La Guyane fait partie de la France, me semble-t-il : or, à l'heure actuelle, 3 000 enfants n'y sont pas scolarisés et les enfants n'y sont scolarisés qu'à partir de cinq ans, et non pas trois ans. Je le répète : je suis catastrophée de la réponse du ministre que vous êtes lorsque vous évoquez les enfants de France qui ne sont pas scolarisés. J'ai du mal, chaque fois que je suis dans cet hémicycle, à savoir si je suis française ou non. Je le suis, je revendique même le fait d'être française, européenne et, évidemment, guyanaise.
Comme vous l'avez indiqué, les évaluations du primaire révèlent un taux d'échec catastrophique pour toute la France. Il en est de même en Guyane puisqu'il tourne autour de 80 %. Ainsi, un enfant sur deux entre au collège sans maîtriser le français. Sur dix jeunes d'une même tranche d'âge, trois obtiennent le baccalauréat et cinq sortent du système scolaire sans aucune qualification.

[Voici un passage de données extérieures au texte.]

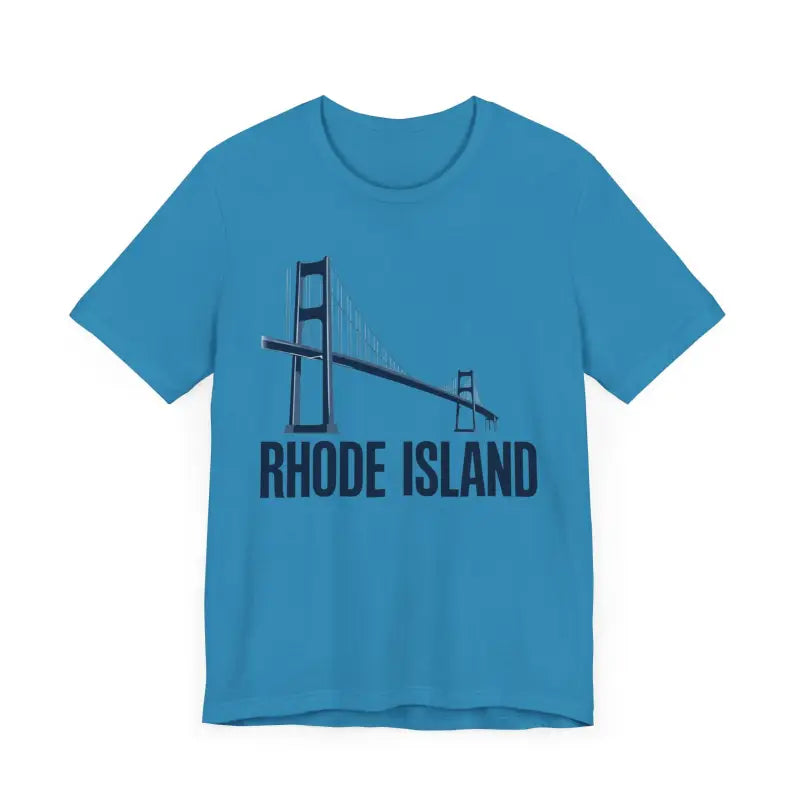 Blue Rhode Island Bridge Graphic Tee Unisex Short Sleeve T-Shirt displayed on a neutral background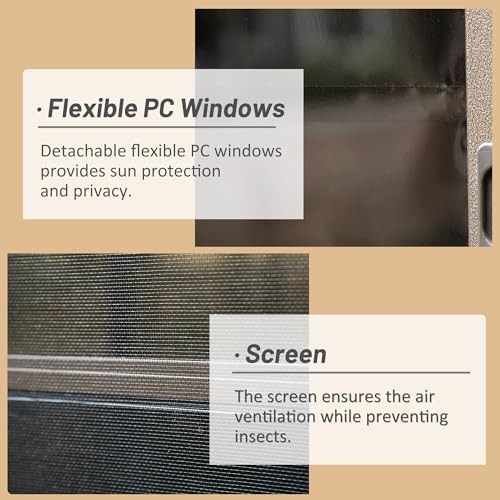 Domi 10x12FT Wall Mounted Sunroom, Against Wall Solarium with Galvanized Steel Sloping Roof, Detachable PVC Screen, Lockable Sliding Door, Lean-to Gazebo Sun Room for Patio Deck domi outdoor living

Quant aux enseignants, 20 % d'entre eux sont des contractuels.
Ces chiffres révèlent la faillite du système éducatif en Guyane, faute d'une réponse adaptée aux réalités du territoire, que sont la rapide augmentation de la population scolaire, la diversité ethnolinguistique, source de difficulté dans la maîtrise du français, la politique d'immigration qui accentue les dérives discriminatoires relatives à l'accès à l'éducation, l'isolement des villages et des bourgs de l'intérieur de la Guyane française, ainsi que les difficultés sociales et économiques que connaissent les deux tiers des parents français de mon territoire ; et cette liste n'est pas exhaustive.
Cette adaptation territorialisée est, pourtant, fortement préconisée par l'inspection générale de l'éducation nationale dans un rapport de 2006 intitulé : Pour une école plus proche et plus équitable. Elle exige une réforme profonde du service public de l'éducation, portant sur les enseignements, les conditions d'exercice du métier d'enseignant et les dysfonctionnements des établissements.
L'adaptation à la Guyane ne saurait être élaborée sans le concours de tous les acteurs concernés. Sans cette avancée, l'attribution des moyens – ô combien nécessaire – se révélera toujours inefficiente.
C'est la raison pour laquelle, monsieur le ministre, je ne vous parle pas chiffres budgétaires mais vous demande quand, en tant que responsable du service public de l'éducation nationale, vous prendrez la mesure de l'urgence qu'il y a à élaborer un projet pour l'éducation permettant la réussite du système éducatif en Guyane française.